The 125-VDC power cable from RR-176 that supplies all three of the subject vent valves is routed in a cable tray in the relay room. However, there are other 125-VDC cables in the tray. Spurious opening of PR-33B and RC-49 or RC-45B and RC-49 could be postulated as follows: Control cable for PR-33B or the control cable for RC-45B and the control cable for RC-49 experience fire damage resulting in an internal short between conductors (creates a closed circuit that can result in opening each valve if power is available) and external cable-to-cable hot shorts occur between the power cable and other energized DC conductors in the same cable tray (i.e., concurrent DC hot shorts of the proper polarity from the same battery on the control cable, affecting any two valves in series). The current procedural guidance does not deenergize all of the DC cables in the tray containing the power cable. Therefore, the pressurizer vent or reactor head vent high-low pressure interface could be spuriously breached due to a fire.
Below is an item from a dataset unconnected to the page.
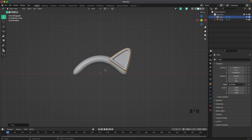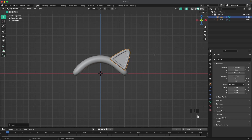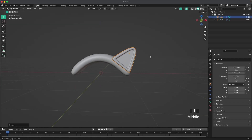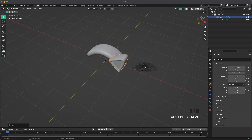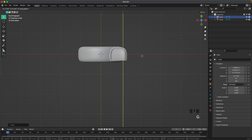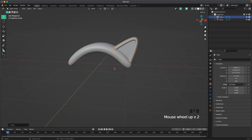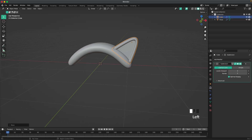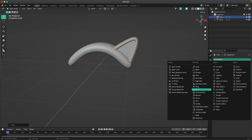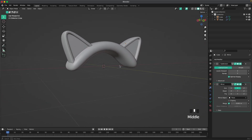We can always change the sizing — we might make the band a tiny bit bigger later to make the antlers fit. Press 7 on your numpad or through your view menu go into top view, then press G and Y and place it right there on the band. Go to your modifiers tab, add a modifier, and we'll add a Mirror modifier. For mirror object we'll click on our headband, then change the axis to Y, and then we have an ear on each side.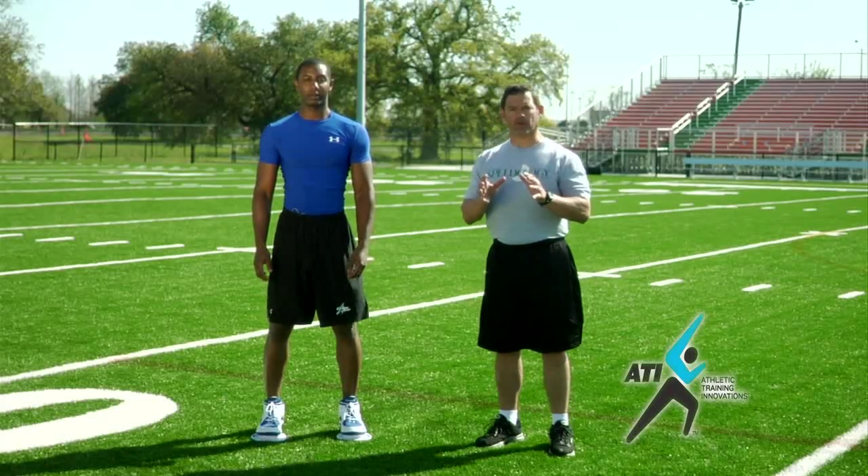Jamal's going to demonstrate for us a maximum vertical jump. The key to maximizing your vertical is not just to explode from the lower body, but to also fully incorporate the arms into the movement. To start, in a ready position, his hands are about nose level, forehead level.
Event and Safety Consequence Analysis:
The originally accepted post-fire mitigating action was to deenergize the PORV and RCS vent valves via opening a breaker or pulling fuses. As an enhancement, the station made modifications to the PORV and vent valve cabling in design change, DCR 2055, for protection from a hot short by routing a portion of the circuit in dedicated conduit. However, a portion of the circuit in the relay room connecting to the control room was left in cable trays. The design change was developed by the original architect/engineer for the plant and implemented in the 1987 timeframe. From a review of the modification package, there is very little design information identified and no discussion as to why only a portion of the PORV and vent valve circuits were rerouted in dedicated conduit.
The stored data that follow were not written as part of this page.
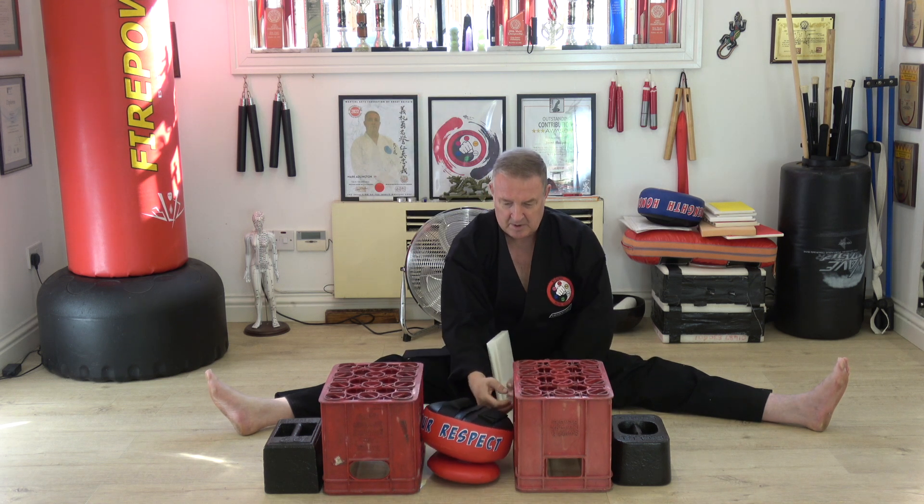Okay, we've done some work with the meridians, so maybe we're going to get a bigger bang on the break. Let's see what we get. That's going to work.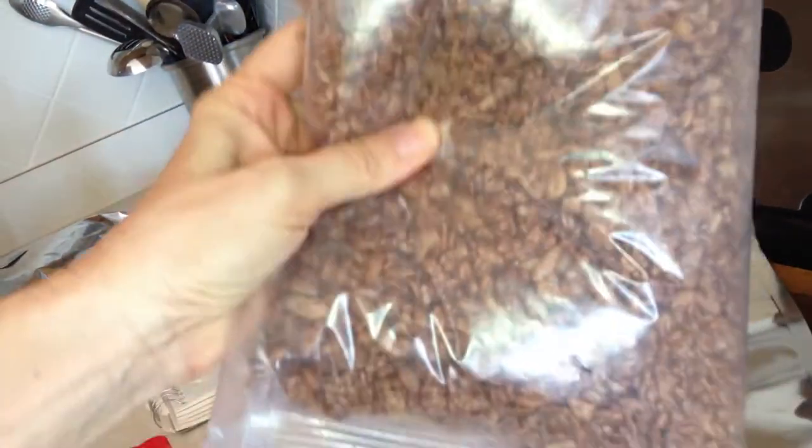Hey folks, Healthy Prepper here. Here's another easy way to store cereal. These are Kellogg's Cocoa Krispies.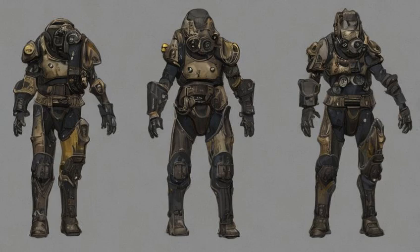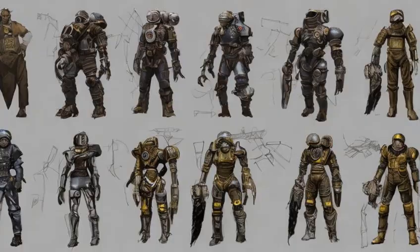Ultralight Build: Greatly Reduced Weight and Increased AP Bonus, Plus 1 AP, minus 5.5 weight, Plus 7 agility. Requires Armorer 3. Materials: Adhesive X7, Cork X6, Fiberglass X8, Rubber X5.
In the Station Appendix R analysis, PORV PR-2B is required to remain closed to control RCS pressure and inventory. A postulated spurious opening of the PORV due to a fire would have a significant adverse affect on the ability to control pressure and inventory. A risk assessment for potential spurious opening of the pressurizer PORV was performed. The conclusion, with conservative assumptions, shows that the condition of concern cannot be characterized as being a risk significant event (i.e., Incremental Core Damage Probability Deficit is significantly less than 1.0E-4).
Similarly, in the Appendix R analysis, the pressurizer and reactor head vent valves are required to remain closed to control RCS pressure and inventory. The vent lines contain a flow restriction orifice such that RCS flow from inadvertent actuation is less than the flow capacity of one charging pump. Therefore, the depressurization transient is expected to be bounded by the PORV PR-2B spurious opening. However, for RCS makeup, the Appendix R analysis assumes that the RCP seals leak at 44 gallons per minute and credits only charging pump C. Therefore, makeup from the charging pump cannot be assumed to mitigate the head vent discharge flow.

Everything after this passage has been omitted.